- **TASK PROMPT**
The required result is a copy of each line below in which "Bloom" appears.

===

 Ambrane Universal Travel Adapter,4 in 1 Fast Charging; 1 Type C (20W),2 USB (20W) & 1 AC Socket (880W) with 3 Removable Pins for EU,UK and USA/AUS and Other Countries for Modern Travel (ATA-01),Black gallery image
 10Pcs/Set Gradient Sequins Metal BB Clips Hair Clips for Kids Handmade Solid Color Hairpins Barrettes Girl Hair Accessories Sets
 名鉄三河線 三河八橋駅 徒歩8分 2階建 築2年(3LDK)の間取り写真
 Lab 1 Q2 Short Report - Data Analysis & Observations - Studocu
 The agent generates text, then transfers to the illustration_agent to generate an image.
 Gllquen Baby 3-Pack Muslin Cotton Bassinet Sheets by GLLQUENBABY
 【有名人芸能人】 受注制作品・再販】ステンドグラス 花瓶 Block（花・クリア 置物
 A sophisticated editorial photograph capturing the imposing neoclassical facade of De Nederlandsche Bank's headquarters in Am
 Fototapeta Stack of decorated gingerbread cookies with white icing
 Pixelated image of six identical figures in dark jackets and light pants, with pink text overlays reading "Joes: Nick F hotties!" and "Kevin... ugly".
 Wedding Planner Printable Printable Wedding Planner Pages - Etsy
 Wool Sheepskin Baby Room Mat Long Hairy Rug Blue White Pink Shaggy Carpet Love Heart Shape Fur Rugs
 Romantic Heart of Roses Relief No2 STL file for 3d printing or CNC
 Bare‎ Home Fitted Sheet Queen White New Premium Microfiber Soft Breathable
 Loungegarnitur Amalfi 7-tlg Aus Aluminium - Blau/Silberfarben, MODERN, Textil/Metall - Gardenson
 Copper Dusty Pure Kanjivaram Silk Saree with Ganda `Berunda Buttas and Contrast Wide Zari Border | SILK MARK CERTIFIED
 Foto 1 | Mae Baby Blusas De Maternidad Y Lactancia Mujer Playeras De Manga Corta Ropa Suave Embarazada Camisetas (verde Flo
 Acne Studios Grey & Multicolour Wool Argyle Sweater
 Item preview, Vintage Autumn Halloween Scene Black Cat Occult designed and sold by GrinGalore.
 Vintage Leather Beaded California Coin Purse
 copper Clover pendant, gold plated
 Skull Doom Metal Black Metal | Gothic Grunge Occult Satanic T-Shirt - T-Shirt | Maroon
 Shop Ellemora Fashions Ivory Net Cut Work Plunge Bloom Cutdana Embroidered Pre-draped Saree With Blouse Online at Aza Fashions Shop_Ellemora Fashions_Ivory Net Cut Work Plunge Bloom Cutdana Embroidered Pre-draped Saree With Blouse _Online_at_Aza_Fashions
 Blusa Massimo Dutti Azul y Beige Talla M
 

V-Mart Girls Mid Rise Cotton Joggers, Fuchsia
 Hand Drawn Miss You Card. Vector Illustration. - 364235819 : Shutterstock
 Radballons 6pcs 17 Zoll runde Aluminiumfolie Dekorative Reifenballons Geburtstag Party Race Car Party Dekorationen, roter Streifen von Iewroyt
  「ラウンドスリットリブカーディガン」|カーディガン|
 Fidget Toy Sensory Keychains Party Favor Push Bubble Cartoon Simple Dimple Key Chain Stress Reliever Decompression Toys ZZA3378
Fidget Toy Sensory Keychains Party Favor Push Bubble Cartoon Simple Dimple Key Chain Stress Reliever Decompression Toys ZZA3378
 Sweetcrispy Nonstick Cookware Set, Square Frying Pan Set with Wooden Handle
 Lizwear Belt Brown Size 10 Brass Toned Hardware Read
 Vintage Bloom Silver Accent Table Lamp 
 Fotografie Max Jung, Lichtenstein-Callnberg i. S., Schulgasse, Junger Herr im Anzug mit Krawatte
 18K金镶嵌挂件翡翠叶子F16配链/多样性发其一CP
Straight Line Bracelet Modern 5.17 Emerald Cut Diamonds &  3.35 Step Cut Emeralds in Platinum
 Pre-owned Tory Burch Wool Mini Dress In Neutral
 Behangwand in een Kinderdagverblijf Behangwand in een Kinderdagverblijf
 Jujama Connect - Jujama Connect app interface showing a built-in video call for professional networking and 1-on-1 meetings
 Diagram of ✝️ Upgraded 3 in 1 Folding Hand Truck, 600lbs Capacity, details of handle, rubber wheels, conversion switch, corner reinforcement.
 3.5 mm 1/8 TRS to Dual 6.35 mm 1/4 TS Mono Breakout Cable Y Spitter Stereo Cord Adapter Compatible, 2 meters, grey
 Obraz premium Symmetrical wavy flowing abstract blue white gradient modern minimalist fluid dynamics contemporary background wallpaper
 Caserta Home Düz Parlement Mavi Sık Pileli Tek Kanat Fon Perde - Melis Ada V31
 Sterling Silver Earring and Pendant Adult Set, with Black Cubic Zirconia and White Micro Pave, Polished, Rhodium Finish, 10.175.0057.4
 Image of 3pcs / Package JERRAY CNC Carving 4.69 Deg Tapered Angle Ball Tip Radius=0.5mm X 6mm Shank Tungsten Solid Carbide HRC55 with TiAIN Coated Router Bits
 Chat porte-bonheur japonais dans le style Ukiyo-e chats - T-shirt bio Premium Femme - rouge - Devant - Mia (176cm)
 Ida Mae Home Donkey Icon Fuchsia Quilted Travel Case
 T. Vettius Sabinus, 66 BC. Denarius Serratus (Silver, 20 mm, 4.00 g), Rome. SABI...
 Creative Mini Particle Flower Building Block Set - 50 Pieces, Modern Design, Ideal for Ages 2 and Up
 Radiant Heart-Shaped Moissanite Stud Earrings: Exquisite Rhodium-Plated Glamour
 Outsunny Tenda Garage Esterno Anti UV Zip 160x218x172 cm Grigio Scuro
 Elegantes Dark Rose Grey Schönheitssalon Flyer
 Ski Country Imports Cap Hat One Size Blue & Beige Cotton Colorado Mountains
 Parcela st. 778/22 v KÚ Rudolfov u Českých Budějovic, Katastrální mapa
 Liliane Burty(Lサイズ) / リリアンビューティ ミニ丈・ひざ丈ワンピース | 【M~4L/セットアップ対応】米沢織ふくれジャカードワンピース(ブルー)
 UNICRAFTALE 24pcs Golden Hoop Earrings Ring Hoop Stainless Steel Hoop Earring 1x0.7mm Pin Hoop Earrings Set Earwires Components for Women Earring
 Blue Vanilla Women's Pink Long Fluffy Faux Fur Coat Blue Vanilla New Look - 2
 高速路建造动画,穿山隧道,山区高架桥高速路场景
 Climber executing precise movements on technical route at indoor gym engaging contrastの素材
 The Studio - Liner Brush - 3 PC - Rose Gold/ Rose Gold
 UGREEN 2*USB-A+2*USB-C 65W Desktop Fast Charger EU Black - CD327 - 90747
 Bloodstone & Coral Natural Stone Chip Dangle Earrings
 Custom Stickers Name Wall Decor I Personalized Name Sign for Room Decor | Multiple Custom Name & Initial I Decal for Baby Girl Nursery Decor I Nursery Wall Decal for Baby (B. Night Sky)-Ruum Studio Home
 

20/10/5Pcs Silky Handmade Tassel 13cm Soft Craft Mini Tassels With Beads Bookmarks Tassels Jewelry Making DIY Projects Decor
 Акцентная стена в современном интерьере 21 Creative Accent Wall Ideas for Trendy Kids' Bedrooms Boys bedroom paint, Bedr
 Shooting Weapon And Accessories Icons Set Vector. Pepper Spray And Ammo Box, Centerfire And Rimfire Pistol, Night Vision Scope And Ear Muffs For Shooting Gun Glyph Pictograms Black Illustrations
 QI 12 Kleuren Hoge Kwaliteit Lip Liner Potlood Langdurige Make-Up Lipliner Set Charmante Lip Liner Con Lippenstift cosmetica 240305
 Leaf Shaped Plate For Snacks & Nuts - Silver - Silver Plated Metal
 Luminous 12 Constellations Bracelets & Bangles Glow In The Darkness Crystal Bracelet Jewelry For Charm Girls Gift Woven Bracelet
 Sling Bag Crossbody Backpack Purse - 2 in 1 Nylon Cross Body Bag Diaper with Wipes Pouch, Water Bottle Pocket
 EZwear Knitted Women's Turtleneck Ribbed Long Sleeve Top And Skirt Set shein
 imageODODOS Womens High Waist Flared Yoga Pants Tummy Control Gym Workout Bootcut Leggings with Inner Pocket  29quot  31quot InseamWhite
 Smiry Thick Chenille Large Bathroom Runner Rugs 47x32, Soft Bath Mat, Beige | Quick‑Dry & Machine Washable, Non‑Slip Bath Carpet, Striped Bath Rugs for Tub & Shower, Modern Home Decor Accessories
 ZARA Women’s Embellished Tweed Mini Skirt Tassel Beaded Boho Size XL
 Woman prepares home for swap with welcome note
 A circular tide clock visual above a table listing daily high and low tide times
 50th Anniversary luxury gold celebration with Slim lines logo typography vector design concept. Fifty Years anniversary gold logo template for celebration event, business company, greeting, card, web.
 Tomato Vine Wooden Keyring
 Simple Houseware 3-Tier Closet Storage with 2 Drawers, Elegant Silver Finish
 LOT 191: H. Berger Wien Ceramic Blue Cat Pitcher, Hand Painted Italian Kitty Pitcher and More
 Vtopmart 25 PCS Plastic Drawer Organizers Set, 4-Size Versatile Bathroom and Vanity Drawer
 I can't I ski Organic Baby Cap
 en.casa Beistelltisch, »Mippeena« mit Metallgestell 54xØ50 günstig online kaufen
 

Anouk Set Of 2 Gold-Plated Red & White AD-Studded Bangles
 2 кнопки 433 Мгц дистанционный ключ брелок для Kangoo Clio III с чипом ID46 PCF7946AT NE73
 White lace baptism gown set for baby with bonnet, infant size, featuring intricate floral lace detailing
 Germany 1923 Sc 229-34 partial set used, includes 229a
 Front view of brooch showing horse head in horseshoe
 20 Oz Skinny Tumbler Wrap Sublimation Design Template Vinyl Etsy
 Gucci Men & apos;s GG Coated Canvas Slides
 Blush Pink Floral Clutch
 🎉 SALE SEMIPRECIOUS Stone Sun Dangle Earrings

===

- **RESPONSE BOX**
 Shop Ellemora Fashions Ivory Net Cut Work Plunge Bloom Cutdana Embroidered Pre-draped Saree With Blouse Online at Aza Fashions Shop_Ellemora Fashions_Ivory Net Cut Work Plunge Bloom Cutdana Embroidered Pre-draped Saree With Blouse _Online_at_Aza_Fashions
 Vintage Bloom Silver Accent Table Lamp 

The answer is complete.